The rest of today’s lineup features Glenn McGee’s concerns about epigenetics and designer babies. The genes in our cells can be altered by our specific environments. “Not all genetic problems are hereditary,” and babies of the future will likely inherit specifically-engineered traits. This could be a good thing: “tomorrow’s environmental movement may be as much about reducing the local consumption of the human body as about preserving the distant rain forest.” We need to think more about the potential social benefits of genetic engineering, as well as possible personal harm.
Once nurture seemed clearly distinct from nature. Now it appears that our diets and lifestyles can change the expression of our genes. How? By influencing a network of chemical switches within our cells collectively known as the epigenome. This new understanding may lead us to potent new medical therapies. Epigenetic cancer therapy, for one, already seems to be yielding promising results. Nova
Our present understanding of those chemical switches, marks, and tags is rudimentary, a recent study indicates:
Researchers know a gene will remain stable, but the chemical tags that turn the genes on and off are not so reliable. Their presence can be affected by the environment or medications or even the activity of other, distant genes. They can be a consequence of a disease or set off a disease.
“That’s the problem,” Harvard’s Bradley Bernstein said, “the arrow of time problem.” What is cause and what is effect?
We really need to figure that out, for “lots of our habits might be be better served by a more resilient heart, lungs, and brain.” Of course.
But “imagine implanting telecommunications, data transfer, and enhanced entertainment directly into your brain.” I’m trying.
I’m trying not to fret too much about information-overload and nature-deficit disorder, when it becomes literally no longer possible to turn off the receiver.

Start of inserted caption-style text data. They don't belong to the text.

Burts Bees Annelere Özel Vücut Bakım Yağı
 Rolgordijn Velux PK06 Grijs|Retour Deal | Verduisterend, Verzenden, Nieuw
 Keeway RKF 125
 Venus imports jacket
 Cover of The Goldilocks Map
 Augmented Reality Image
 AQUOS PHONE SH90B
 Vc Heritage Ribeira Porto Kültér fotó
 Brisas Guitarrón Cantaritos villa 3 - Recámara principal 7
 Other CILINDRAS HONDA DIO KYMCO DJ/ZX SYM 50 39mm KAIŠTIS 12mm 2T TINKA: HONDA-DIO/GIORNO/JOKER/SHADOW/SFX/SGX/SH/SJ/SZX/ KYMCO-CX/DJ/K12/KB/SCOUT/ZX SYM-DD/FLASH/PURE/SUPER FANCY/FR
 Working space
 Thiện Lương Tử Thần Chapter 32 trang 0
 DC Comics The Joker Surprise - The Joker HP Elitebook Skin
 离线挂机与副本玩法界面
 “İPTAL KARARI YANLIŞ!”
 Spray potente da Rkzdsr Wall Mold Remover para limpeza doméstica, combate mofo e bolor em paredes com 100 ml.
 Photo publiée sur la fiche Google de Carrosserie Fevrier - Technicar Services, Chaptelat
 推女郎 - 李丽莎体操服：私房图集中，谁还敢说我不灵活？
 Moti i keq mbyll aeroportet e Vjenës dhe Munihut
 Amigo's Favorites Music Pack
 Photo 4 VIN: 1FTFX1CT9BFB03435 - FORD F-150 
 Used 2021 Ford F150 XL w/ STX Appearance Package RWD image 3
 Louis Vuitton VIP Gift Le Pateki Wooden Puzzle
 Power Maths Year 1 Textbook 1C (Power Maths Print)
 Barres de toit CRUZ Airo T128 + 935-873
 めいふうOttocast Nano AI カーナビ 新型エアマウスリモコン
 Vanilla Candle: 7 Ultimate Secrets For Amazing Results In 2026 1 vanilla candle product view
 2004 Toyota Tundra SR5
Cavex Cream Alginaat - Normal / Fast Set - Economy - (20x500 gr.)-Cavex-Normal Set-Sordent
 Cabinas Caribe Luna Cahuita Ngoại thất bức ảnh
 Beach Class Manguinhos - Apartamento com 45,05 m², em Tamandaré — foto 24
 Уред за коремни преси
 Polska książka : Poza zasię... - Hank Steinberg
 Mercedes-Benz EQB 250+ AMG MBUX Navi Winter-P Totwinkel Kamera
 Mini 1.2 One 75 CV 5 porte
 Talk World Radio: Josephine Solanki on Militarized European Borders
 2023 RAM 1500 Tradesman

You can put on and take off your google glasses at will, Sergei, addiction issues aside; but how easy will it be to shut down the implants?
And yet, how alluring to imagine random internal access to an entire universe of information, culture, and personal memory!
We also have to catch up today on the cases our wonderful Peace Corps class bumped on Monday, and if there’s time I’d love a little coaching from my collaborators for the radio interview I’m supposed to record right after class.
Busy busy busy. My own personal clone assistant would sure make life easier.
Or would it? McGee notes what he calls the pediatric model of human reproduction according to which we bear the “responsibility to care for those created,” by whatever means. But he’s most enthusiastic for the adoption model, which he says
can move the debate about cloning and new reproductive technologies from its present, highly politicized rancor into a more constructive arena in which interdisciplinary and bipartisan consensus may be possible.
With the right model we’ll be less tempted in the future to try and secure “perfect” families, and will acknowledge that
children of new and unusual techniques merit special protection, but such protection ought not to be onerous for parents once the parental relationship is consecrated.
Paraphrasing Tolstoy: every kind of family is imperfect in its own way. Still, McGee suggests, a cloned family might be just too hard to consecrate.
But in the spirit of Darwin Day, and invoking an old Dominican hurler‘s “favorite English word”: youneverknow…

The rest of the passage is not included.